“No, I wouldn’t feel right…”
“Please.”
Our eyes locked-two stubborn, proud women.
“You’re going away,” she said, “you’ll need it…”
“I’m not going away and I don’t need it. Joe and I decided to return to the ranch when he’s able to travel. My late husband’s affairs have to be put in order and there are other things that need attending to. After that…well, we’ll see.”
“Still, I can’t take money from you…”
“It’s not a gift, it’s a loan. I can have a paper drawn up to that effect if you like.”
“But you hardly know me…”
“I know enough. You’re good and honest and caring and you’ve already paid a high price for your sins. You shouldn’t have to pay any more.”
“I…I don’t know what to say…”
“Say yes. It will make starting your new life so much easier.”
She was silent for several seconds. Then, slowly: “Well, if it’s to be a loan…”
“From one new friend to another.”
I pressed the pouch into her hands again. This time she kept it, her eyes bright with tears.
Two stubborn, proud women, one strong, the other learning how to be.
T.J. Murdock
In the darkened bedroom I lay waiting for the pain in my bandaged shoulder to ease. It had been a long, rough ride in Shock’s wagon with Nesbitt driving and Annabelle making me as comfortable as she could inside, and the removal of the buckshot and treatment of my wounds had been another ordeal. But all I cared about, then and now, was that Annabelle was safe and unhurt.
“How’re you feeling, Murdock?”
Nesbitt. I hadn’t even heard him come in. If I’d been more alert, I might have been surprised to see that he wore one of my old, grease-stained dusters, unbuttoned, over a black broadcloth suit.
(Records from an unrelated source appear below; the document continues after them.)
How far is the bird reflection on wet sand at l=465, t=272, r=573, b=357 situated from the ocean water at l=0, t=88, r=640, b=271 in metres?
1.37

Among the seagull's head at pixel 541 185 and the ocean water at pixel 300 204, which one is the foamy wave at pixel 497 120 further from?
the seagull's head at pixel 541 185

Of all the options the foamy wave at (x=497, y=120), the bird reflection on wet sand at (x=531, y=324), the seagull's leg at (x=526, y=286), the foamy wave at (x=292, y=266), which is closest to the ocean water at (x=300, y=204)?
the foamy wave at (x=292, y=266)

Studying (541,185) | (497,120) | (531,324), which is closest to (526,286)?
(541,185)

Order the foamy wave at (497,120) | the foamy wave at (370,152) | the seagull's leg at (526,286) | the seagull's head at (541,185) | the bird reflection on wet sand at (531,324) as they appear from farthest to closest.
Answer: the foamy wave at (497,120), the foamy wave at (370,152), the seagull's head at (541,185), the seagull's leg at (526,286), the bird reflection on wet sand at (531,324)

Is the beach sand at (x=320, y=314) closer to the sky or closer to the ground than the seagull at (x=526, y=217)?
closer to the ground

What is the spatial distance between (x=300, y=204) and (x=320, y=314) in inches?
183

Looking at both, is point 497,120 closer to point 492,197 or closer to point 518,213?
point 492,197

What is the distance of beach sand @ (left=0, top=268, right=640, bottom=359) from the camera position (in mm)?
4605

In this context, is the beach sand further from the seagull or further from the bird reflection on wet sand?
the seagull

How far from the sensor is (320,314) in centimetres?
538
“Drowsy,” I said. “Sophie gave me laudanum.”
“You’ll have a doctor soon enough. You and Hoover both.”
“I won’t be in any shape to travel for a few days. You figure on staying here until then?”
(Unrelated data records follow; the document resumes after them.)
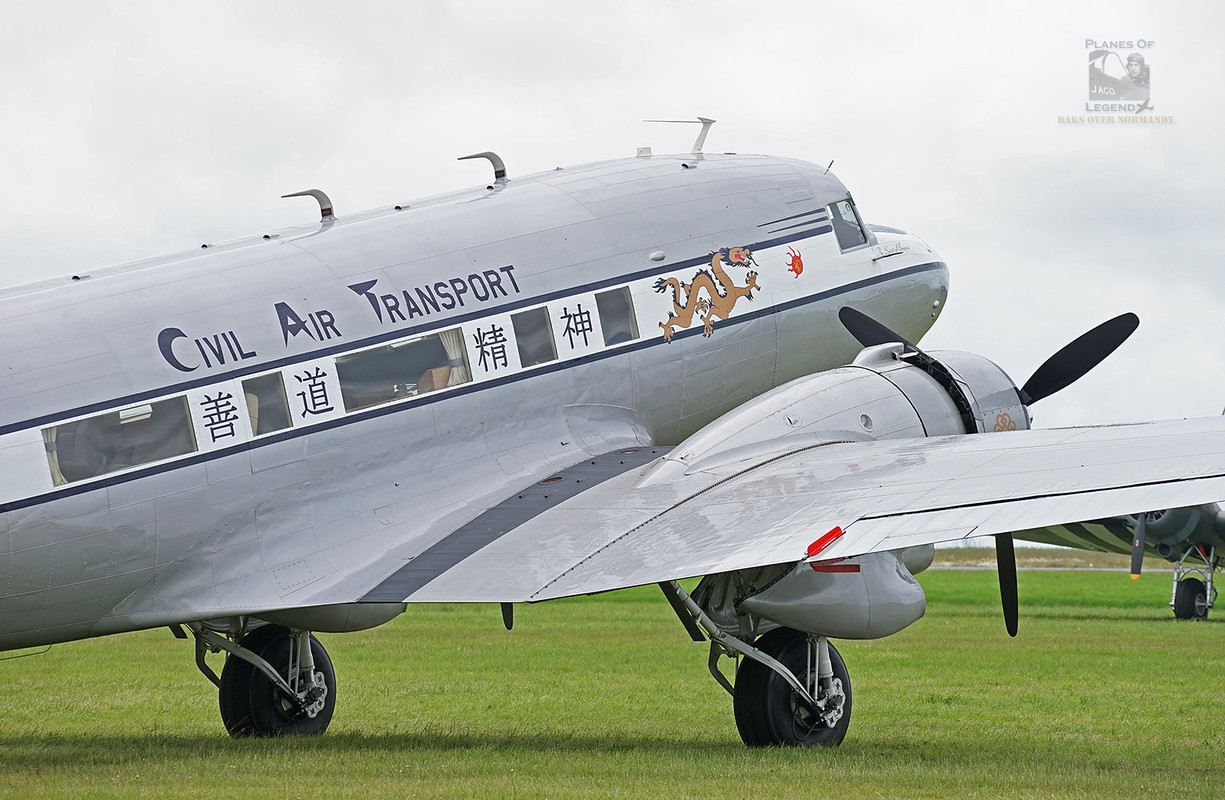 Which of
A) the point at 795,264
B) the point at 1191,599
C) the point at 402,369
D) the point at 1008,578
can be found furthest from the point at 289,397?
the point at 1191,599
Instead of answering, he said: “Pete Dell’s ready to travel right now. I told your wife I’d help her and Annabelle winch the stage across to Middle Island.”
“That why you’re wearing my duster?”
“That’s why.” There was a little silence and I could feel the pain dulling, my eyelids growing heavy. Then he said: “I owe you thanks for saving my life in Crucifixion River. Another second and Shock would’ve blown my head off with that Greener.”
“I know it.”
“You could’ve waited and let that happen before you shot him. Some men in your position would have, to save their own hides.”
“I’m not one of them.”
“No,” he said, “you’re not. Not the kind of man Patrick Bellright thinks you are at all.”
“Won’t make any difference to him when you hand me over.”
“I won’t be handing you over.”
I wasn’t sure I’d heard him right. “Say that again.”
“I’m not giving you to Bellright,” Nesbitt said. “Seems I made a mistake…you’re not Harold P. Baxter, you’re T.J. Murdock. Soon as the stage is ferried across, I’ll be heading to River Bend to talk to the sheriff and send you a doctor, then on back to San Francisco.”
“But…the reward…?”
“To hell with the reward. I’ve gotten along well enough on a Pinkerton salary and I’ll keep right on getting along. I don’t need a piece of land in the Valley of the Moon.”
I was too numb to ask what that meant. All I could manage was: “Why?”
“You saved my life, now I’m returning the favor. Simple as that. And you can quit worrying about somebody else like me finding you. It’s not likely to happen, and, even if it did, it’d have to be before next summer. After that it won’t matter.”
“Won’t matter? What do you mean?”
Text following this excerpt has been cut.